Material supplied section start
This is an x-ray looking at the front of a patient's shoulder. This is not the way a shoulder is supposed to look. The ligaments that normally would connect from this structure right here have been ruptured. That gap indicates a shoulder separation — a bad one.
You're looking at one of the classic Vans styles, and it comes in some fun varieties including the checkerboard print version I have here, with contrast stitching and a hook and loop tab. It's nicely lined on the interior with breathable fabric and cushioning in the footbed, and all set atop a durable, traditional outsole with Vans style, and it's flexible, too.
Material supplied section end
Material supplied section start
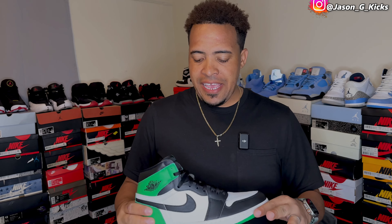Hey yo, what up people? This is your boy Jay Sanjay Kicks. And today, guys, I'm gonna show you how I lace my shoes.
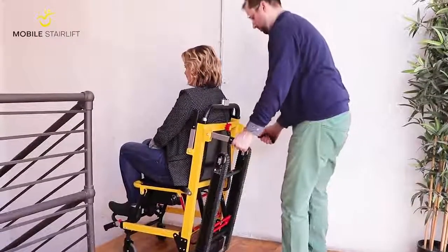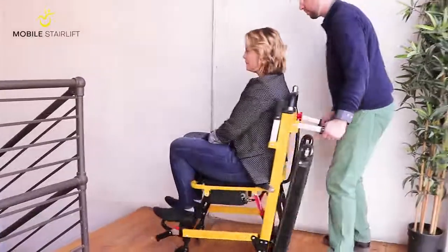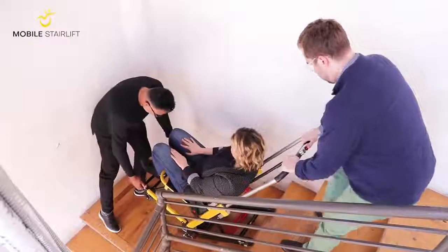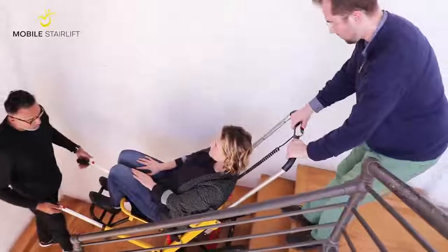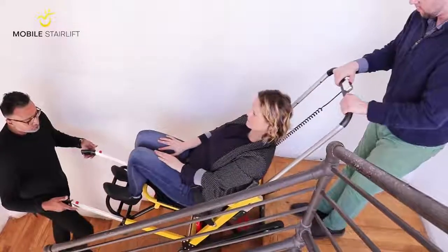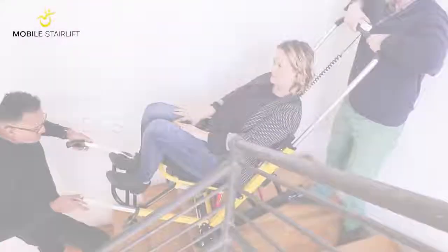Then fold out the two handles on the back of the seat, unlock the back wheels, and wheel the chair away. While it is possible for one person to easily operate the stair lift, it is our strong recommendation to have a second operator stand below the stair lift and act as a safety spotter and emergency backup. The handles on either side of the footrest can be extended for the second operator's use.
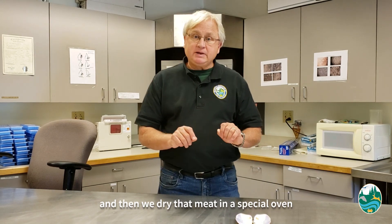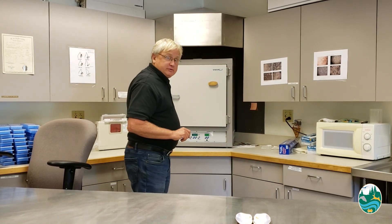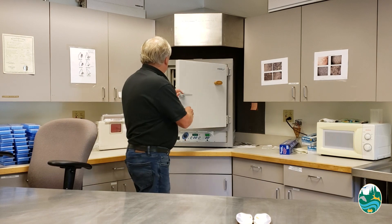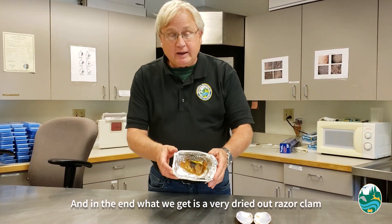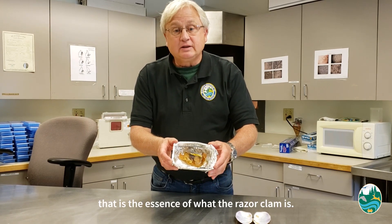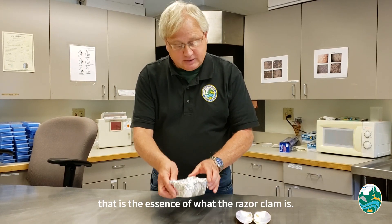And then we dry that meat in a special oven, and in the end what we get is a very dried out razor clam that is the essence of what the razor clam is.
Material supplied section end
### Activity
What is needed is an exact copy of the lines above from the one with "Then fold out" to the one with "And then we", both ends kept, and nothing more; please leave the pictures out.

### Answer space
Then fold out the two handles on the back of the seat, unlock the back wheels, and wheel the chair away. While it is possible for one person to easily operate the stair lift, it is our strong recommendation to have a second operator stand below the stair lift and act as a safety spotter and emergency backup. The handles on either side of the footrest can be extended for the second operator's use.
And then we dry that meat in a special oven, and in the end what we get is a very dried out razor clam that is the essence of what the razor clam is.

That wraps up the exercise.